Investors in emerging markets are enduring yet another volatile ride. Stymied by rising interest rates in the US, shares in those developing nations most dependent on external financing have slumped.
The STOXX® Emerging Markets 1500 Index has lost 16% from its 2018 peak on Jan. 26, when measured in dollars.1 That’s not far from bear-market territory, a threshold usually defined as a retreat of 20% or more.
The index is now down 8.9% in 2018. While that’s a sizeable retreat, it would only mark the worst annual return since 2015. By contrast, the STOXX® Developed Markets 2400 Index is up 3% this year.
Chart 1 shows the comparison between the emerging-markets and developed-markets benchmarks. The latter has rebounded from its first-quarter losses, underpinned by buoyant US markets.
Investors should put the recent sell-off in context. This year’s losses amount to about two-thirds of those in calendar year 2015. And they come after a 48% total rally in the past two years. Moreover, there have been two bear markets for the Emerging Markets 1500 Index since 2011, and both were followed by sharp recoveries.
A universe of diverging economies
Yet while emerging markets are struggling as an asset class, country idiosyncrasies have played a role in performance. While contagion fears often drive investors to dump all emerging markets in tandem, local factors have this year helped some indices cushion the downtrend.
Table 1 shows the performance of the Total Market Indices in dollars for 20 emerging nations tracked by STOXX since Jan. 26 this year.
Generally speaking, investors have sold shares in countries with the largest budget deficits and higher debt burdens. Falling currencies have been a symbol of those problems, but they have also worsened the dollar-based returns of the national indices.
Turkey has been at the forefront of the market pullback, with the STOXX® Turkey Total Market Index falling 54% since January. Currency and equity traders have sold the country’s assets amid concern the government is failing to control runaway inflation.
Gains of more than 60% in the dollar against currencies such as the Turkish lira and the Argentine peso this year means those countries face a harder time servicing their dollar-denominated debt. The greenback has strengthened 23% this year against both South Africa’s rand and the Brazilian real.

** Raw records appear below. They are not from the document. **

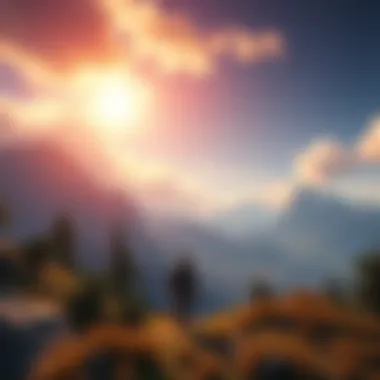 A serene game environment showcasing a lush landscape with mountains and a vibrant sky, featuring a character walking through the scenery, enjoying the peaceful atmosphere and music.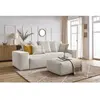 Canapé droit convertible coffre VOLTAIRE avec pouf Beige BOBOCHIC TU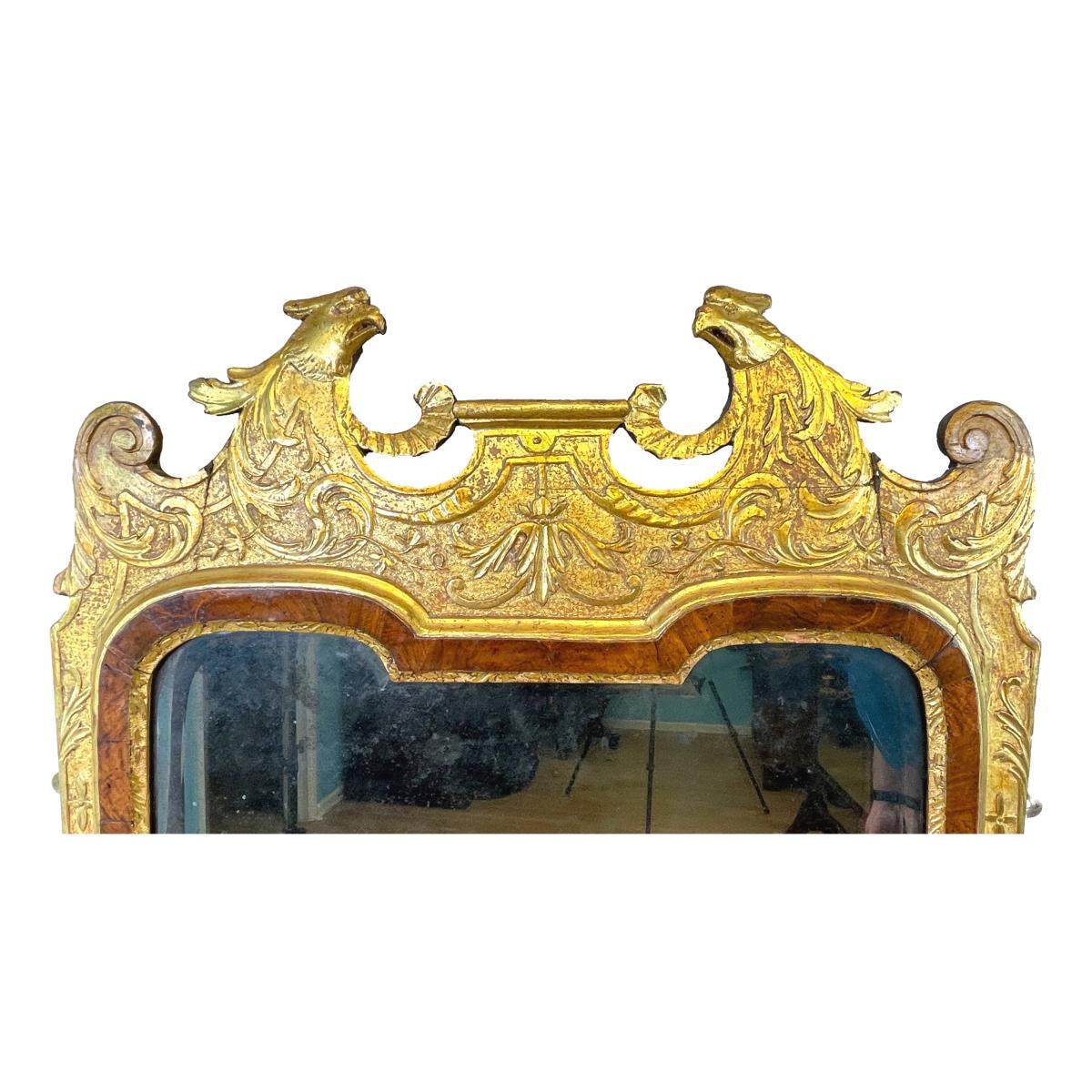 Rare Early Georgian 18th Century Walnut & Gilt Pier Mirror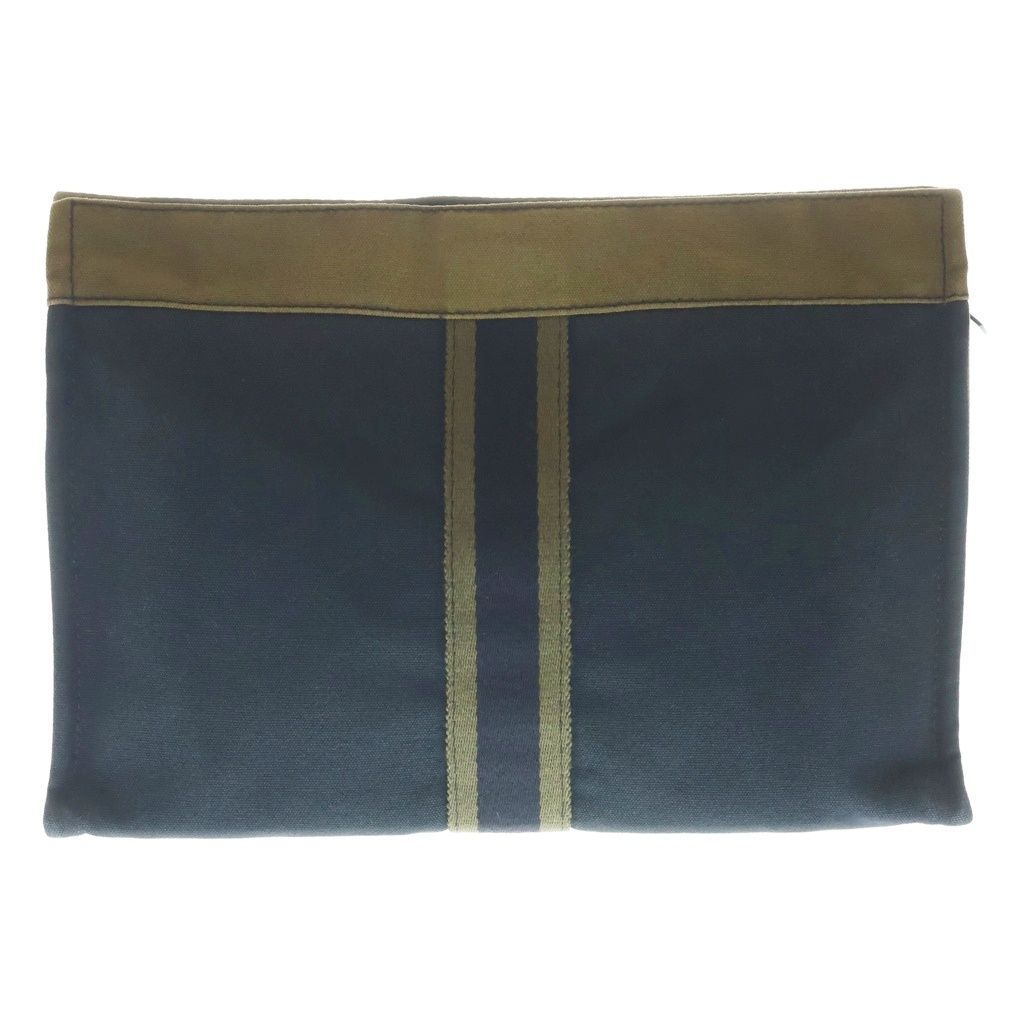 Hermes Fourre Tout Canvas Clutch Silver Khaki Navy — view 2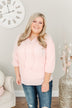 Reaching For Love Thermal Knit Top- Light Pink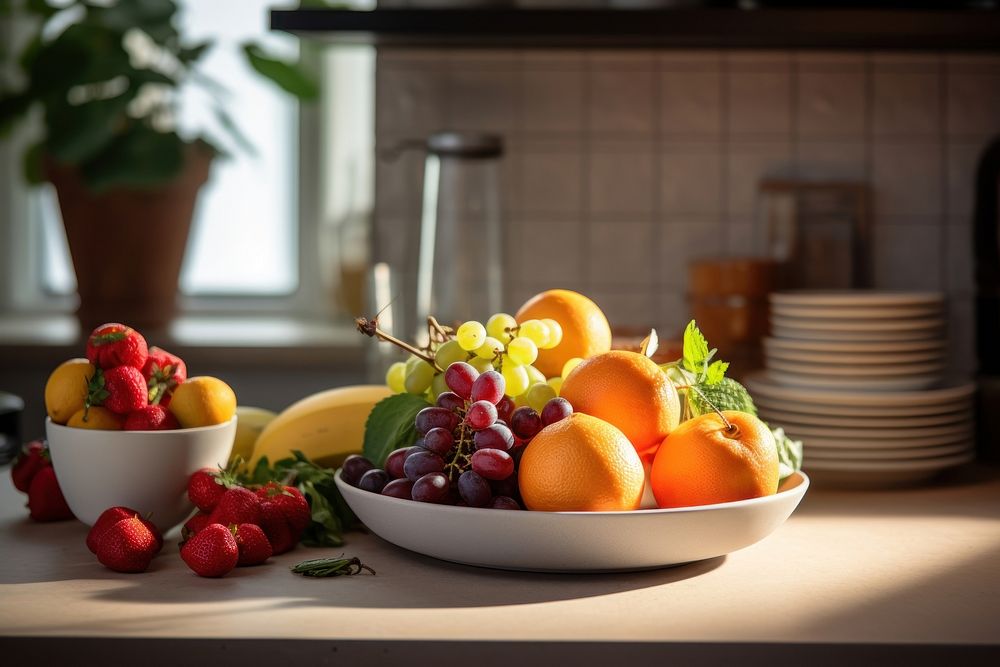 Fruit kitchen berry plate. AI generated Image by rawpixel.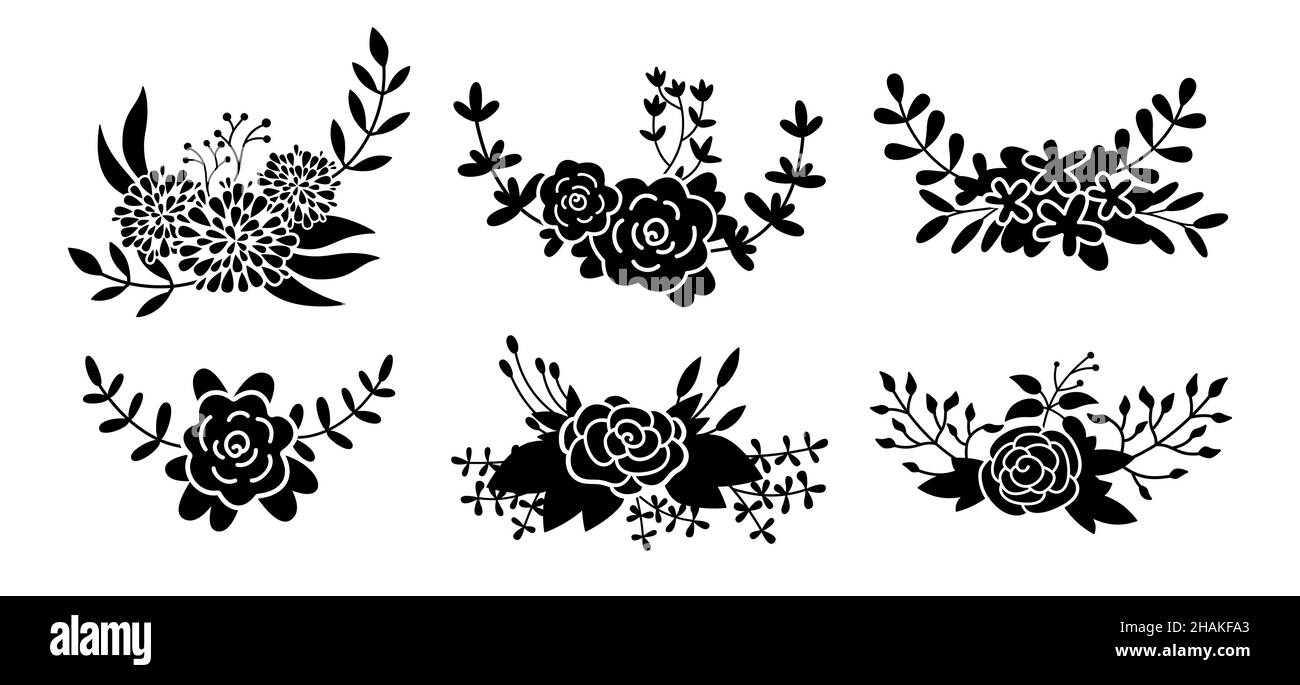 Floral composition set, flower branch black glyph. Abstract silhouette beautiful floral design elements. cartoon eco collection. Engravings isolated flowers. Vector illustration Stock Vector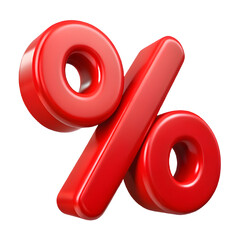 3d red percent discount sign isolated on transparent background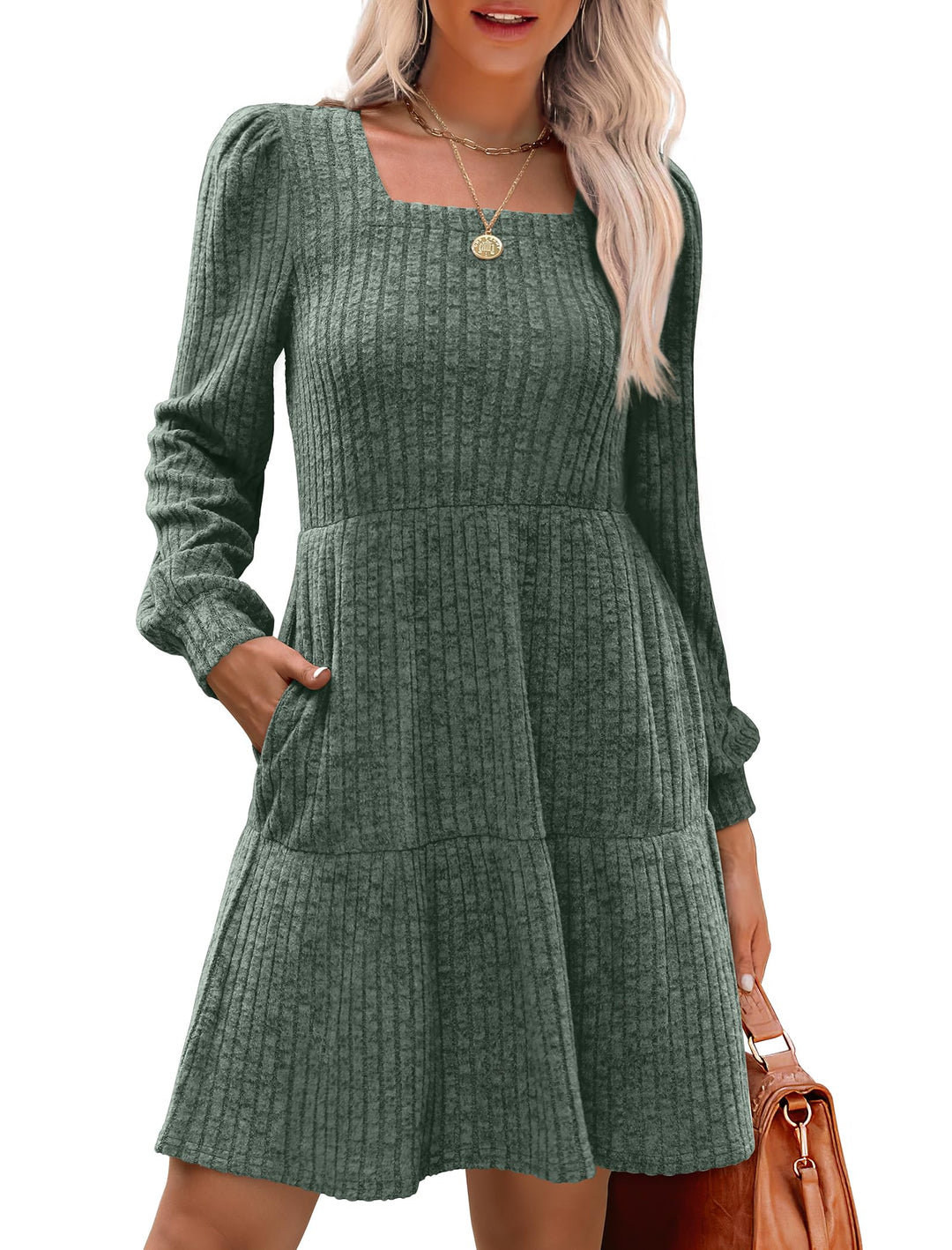 Robe côtelée à col carré et manches lanternes pour femmes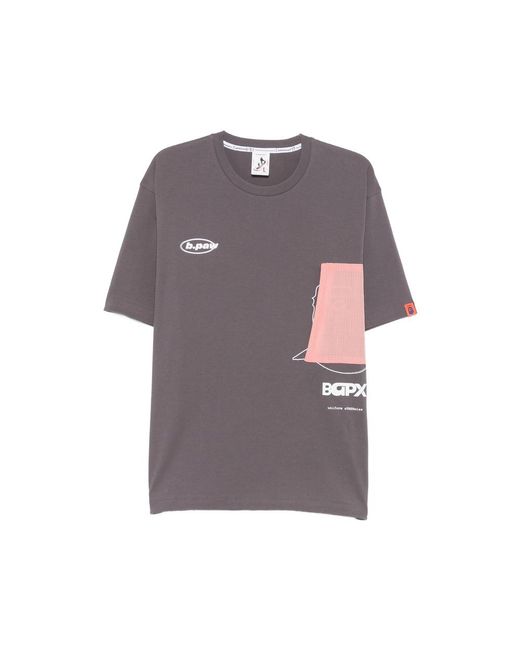 A Bathing Ape Gray Logo-Print Panelled T-Shirt for men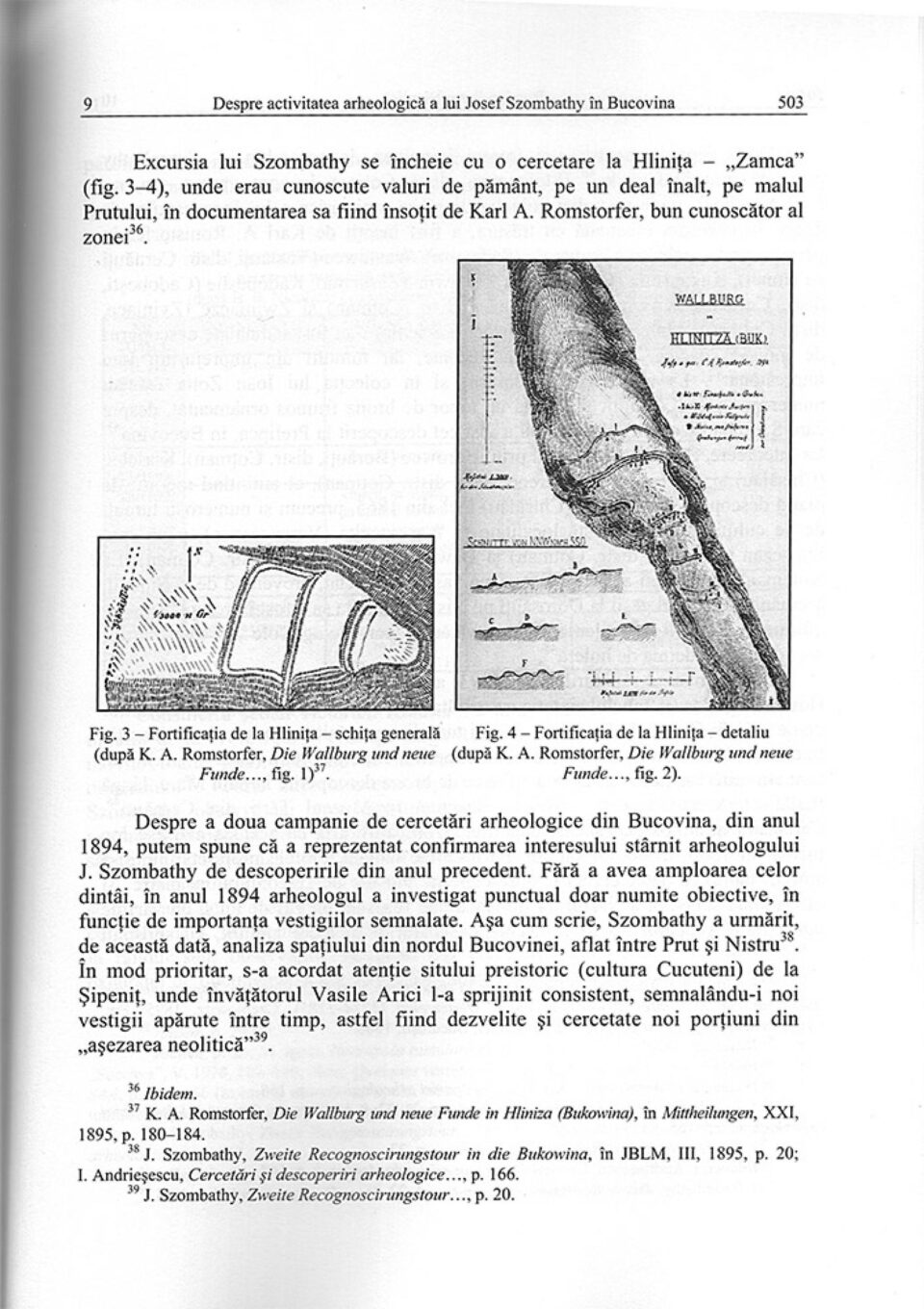 Fortificația de la Hlinița (regiunea Cernăuți, Ucraina, ridicare topografică de Karl A. Romstorfer, publicată în 1895)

At the other end, Egypt is benefiting from faster economic growth as the government reforms the economy and cuts subsidies. The Taiwanese benchmark has been supported by a record rally in its largest constituent, chipmaker Taiwan Semiconductor Manufacturing Co. (TSMC). The Mexican index has rebounded since June as the country and the US reached an agreement on reforming the NAFTA trade bloc.
A volatile asset class
To be sure, developing markets are a volatile asset class, and indeed have posted bigger losses even in the recent past. Between May 2011 and October that year, the STOXX Emerging Markets 1500 Index slumped 28%. And between April 2015 and January 2016, it plummeted 31%. In those instances, the index went on to rebound 39% and 80%, respectively, in following years.
The difference this time is that global monetary policy is increasingly less supportive of risky assets. What governments in the emerging world do to fend off the effect of rising borrowing costs may determine how national benchmarks progress in the remaining four months of the year.
1Total returns after taxes through Sep. 7.